The paper and the public data-mining tool come as Google’s broader book-digitization effort remains in legal limbo. Authors and publishers have besieged that project, calling it copyright infringement, but a legal settlement has yet to be approved.

Asked how Google was protecting the copyright of the books in its new tool, a spokeswoman, Jeannie Hornung, said the publicly available data sets “cannot be reassembled into books.”

Just because the the data sets “cannot be assembled into books” does not make Google’s copy of the book any more legitimate. In producing copies of my entire book the University of Wisconsin and Google infringed my copyrights, regardless of the uses they made of those copies.

Douglas Fevens, Halifax, Nova Scotia— The University of Wisconsin, Google, & Me


“In producing copies of my entire book the University of Wisconsin and Google infringed my copyrights, regardless of the uses they made of those copies.”

No matter how many times you say this (and you must have said it a hundred times so far), it doesn’t make this statement true. Asserting it one more time does nothing to advance anyone’s understanding of the issues in the case.


It’s also a tool for finding bad date metadata in Google’s corpus, but it doesn’t appear to have been used that way.

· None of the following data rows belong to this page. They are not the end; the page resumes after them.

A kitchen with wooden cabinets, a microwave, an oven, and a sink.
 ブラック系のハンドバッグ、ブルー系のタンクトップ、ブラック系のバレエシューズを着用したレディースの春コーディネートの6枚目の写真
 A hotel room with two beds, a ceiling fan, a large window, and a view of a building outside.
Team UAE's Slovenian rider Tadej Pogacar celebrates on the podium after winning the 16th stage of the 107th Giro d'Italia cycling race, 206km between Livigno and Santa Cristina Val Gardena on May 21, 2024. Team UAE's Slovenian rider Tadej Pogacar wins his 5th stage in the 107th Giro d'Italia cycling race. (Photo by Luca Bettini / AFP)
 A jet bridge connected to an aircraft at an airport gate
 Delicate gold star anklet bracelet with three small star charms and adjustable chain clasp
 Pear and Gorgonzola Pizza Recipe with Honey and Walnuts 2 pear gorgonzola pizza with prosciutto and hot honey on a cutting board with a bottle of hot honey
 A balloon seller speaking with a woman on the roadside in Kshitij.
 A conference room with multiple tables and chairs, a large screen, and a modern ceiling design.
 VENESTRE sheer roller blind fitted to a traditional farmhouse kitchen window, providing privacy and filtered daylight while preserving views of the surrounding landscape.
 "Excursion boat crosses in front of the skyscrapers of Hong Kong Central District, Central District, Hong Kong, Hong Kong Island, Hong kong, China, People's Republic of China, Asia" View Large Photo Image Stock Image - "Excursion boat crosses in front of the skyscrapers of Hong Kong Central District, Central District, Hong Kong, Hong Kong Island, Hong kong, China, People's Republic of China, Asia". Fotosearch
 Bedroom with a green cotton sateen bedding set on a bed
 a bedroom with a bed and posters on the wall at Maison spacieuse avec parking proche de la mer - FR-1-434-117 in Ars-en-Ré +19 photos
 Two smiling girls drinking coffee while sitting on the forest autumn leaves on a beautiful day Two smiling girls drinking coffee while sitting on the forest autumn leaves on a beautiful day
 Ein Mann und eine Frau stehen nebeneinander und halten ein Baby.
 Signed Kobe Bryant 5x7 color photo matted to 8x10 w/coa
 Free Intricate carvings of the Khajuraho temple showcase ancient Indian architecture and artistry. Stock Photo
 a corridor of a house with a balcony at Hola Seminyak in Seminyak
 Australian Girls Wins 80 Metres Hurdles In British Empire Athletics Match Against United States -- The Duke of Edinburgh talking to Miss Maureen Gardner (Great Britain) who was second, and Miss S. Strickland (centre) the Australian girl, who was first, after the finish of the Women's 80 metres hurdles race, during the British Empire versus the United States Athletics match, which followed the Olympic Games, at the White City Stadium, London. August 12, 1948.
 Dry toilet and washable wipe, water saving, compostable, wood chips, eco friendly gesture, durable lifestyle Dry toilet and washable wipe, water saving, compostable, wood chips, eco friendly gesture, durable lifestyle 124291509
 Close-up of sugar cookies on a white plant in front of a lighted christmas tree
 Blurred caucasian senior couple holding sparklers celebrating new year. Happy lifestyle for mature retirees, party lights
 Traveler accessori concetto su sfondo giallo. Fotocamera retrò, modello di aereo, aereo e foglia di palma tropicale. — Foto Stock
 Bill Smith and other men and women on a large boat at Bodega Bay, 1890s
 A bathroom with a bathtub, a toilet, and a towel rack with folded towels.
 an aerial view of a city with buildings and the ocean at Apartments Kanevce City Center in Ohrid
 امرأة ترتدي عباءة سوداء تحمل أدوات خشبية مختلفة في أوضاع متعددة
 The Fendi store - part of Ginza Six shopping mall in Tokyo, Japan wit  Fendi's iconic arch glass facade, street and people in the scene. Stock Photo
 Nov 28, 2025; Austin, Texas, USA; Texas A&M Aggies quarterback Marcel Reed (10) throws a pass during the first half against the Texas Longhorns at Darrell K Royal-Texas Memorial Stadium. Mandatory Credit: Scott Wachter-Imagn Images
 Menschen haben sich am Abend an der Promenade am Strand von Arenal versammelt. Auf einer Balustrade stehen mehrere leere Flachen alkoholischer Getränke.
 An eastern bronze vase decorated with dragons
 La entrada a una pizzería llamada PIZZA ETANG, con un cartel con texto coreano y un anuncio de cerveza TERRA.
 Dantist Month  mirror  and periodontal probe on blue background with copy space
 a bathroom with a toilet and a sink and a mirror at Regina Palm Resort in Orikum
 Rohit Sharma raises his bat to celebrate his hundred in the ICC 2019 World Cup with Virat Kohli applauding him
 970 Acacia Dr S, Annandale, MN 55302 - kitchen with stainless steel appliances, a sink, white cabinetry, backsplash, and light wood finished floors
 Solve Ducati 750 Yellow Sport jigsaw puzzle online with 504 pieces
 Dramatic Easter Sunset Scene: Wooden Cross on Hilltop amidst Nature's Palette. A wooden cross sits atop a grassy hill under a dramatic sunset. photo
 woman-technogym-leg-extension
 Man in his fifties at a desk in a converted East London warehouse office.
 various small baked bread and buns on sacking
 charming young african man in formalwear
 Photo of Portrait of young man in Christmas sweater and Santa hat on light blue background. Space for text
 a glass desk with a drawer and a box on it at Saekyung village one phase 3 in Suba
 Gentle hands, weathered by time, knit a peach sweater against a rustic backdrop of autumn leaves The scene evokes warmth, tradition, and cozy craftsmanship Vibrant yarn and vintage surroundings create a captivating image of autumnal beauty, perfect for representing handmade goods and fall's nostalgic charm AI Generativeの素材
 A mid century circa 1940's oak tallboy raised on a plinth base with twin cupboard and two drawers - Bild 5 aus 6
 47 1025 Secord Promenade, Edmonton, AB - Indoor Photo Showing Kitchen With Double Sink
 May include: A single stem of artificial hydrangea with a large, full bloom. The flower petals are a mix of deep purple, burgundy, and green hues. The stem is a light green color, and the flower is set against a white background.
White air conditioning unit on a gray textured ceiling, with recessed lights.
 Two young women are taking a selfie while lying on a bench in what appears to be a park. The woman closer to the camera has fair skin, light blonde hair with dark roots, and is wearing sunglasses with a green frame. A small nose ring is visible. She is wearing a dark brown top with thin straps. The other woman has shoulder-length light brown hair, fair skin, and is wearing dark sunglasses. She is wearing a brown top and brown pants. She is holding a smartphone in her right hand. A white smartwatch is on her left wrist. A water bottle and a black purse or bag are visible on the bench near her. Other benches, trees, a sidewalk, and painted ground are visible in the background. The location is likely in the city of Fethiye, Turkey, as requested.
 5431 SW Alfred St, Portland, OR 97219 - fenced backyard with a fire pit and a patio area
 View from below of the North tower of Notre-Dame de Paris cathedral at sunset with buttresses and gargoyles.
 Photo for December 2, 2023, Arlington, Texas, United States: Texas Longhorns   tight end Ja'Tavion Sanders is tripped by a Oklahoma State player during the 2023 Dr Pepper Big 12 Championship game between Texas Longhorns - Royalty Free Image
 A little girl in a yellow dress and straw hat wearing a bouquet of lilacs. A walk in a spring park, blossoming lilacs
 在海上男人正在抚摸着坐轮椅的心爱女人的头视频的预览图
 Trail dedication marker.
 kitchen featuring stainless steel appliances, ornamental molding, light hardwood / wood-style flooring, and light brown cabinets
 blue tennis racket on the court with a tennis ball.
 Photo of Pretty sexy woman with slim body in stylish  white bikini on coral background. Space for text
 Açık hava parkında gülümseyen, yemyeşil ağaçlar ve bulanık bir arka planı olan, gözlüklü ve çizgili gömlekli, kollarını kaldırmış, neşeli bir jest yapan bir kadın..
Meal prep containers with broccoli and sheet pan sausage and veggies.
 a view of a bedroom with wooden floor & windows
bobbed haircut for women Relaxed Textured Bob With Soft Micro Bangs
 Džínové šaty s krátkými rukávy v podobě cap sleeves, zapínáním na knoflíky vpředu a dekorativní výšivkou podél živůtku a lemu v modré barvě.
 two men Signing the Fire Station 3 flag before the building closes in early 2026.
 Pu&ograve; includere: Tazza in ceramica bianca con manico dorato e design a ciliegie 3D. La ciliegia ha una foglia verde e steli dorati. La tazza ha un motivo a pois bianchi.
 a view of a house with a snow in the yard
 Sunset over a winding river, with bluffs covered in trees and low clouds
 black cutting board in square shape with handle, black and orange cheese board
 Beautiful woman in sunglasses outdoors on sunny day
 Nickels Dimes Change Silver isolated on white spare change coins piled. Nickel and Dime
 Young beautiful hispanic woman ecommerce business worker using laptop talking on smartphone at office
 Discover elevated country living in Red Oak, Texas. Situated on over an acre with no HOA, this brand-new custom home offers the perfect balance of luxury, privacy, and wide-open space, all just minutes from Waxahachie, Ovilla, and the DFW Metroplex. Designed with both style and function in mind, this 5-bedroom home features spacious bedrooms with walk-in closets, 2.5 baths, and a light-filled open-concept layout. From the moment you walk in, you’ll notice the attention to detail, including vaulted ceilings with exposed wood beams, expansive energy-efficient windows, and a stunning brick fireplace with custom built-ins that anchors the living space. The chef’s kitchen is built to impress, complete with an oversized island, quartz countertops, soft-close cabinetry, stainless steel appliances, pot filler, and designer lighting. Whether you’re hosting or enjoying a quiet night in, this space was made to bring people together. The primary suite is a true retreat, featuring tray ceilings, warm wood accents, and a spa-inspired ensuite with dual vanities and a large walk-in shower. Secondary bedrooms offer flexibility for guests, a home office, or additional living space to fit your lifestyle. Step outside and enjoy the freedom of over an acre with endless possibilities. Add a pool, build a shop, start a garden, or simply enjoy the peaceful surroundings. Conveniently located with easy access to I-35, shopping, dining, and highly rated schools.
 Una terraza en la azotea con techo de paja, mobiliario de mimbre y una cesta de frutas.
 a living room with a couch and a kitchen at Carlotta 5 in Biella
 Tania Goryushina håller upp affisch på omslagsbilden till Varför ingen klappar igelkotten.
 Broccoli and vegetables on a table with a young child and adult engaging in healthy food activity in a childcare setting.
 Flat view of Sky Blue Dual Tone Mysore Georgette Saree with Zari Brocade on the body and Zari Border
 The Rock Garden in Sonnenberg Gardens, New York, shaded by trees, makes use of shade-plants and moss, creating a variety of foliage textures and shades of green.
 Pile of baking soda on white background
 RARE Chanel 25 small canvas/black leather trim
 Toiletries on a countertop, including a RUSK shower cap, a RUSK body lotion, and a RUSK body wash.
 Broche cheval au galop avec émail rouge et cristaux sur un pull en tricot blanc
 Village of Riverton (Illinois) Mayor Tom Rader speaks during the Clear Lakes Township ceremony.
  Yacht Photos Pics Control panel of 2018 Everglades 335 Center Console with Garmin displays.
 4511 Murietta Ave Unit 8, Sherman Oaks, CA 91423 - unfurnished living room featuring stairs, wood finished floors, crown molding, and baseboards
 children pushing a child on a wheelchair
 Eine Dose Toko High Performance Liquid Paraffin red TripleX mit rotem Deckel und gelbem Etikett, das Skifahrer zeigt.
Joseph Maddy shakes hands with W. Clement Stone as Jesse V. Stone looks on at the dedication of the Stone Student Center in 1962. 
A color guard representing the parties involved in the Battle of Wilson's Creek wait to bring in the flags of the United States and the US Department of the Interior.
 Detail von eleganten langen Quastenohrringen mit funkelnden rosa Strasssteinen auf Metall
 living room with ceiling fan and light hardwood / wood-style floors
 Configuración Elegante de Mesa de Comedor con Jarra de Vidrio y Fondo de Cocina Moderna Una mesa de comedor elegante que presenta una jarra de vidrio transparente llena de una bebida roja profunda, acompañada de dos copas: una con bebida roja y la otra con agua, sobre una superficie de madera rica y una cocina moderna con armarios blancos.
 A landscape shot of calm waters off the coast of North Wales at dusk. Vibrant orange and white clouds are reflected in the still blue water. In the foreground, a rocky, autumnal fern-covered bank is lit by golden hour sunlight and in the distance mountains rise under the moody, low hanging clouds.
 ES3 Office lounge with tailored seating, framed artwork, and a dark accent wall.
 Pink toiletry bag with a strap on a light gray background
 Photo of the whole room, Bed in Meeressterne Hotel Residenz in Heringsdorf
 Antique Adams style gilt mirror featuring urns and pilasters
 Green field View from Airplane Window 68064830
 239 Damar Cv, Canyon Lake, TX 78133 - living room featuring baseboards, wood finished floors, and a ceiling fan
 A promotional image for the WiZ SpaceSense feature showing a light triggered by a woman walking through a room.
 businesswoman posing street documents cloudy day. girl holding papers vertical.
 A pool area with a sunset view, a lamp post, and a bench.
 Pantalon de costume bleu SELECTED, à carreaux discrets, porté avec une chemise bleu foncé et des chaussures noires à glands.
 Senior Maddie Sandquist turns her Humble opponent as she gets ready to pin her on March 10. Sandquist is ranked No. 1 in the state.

My response to Peter Hirtle’s comment above.


Geoffrey Nunberg’s essay is smart (and laugh-out-loud funny, too). Google has given us a nifty new tool, not a new science.


Did Google actually proof the OCR for this database? They don’t seem to have done it from the scanned books per se, judging from the public-domain ones.


Frances Grimble: Did Google actually proof the OCR for this database?

I don’t believe that human proofreading is part of Google’s normal workflow for scanned books.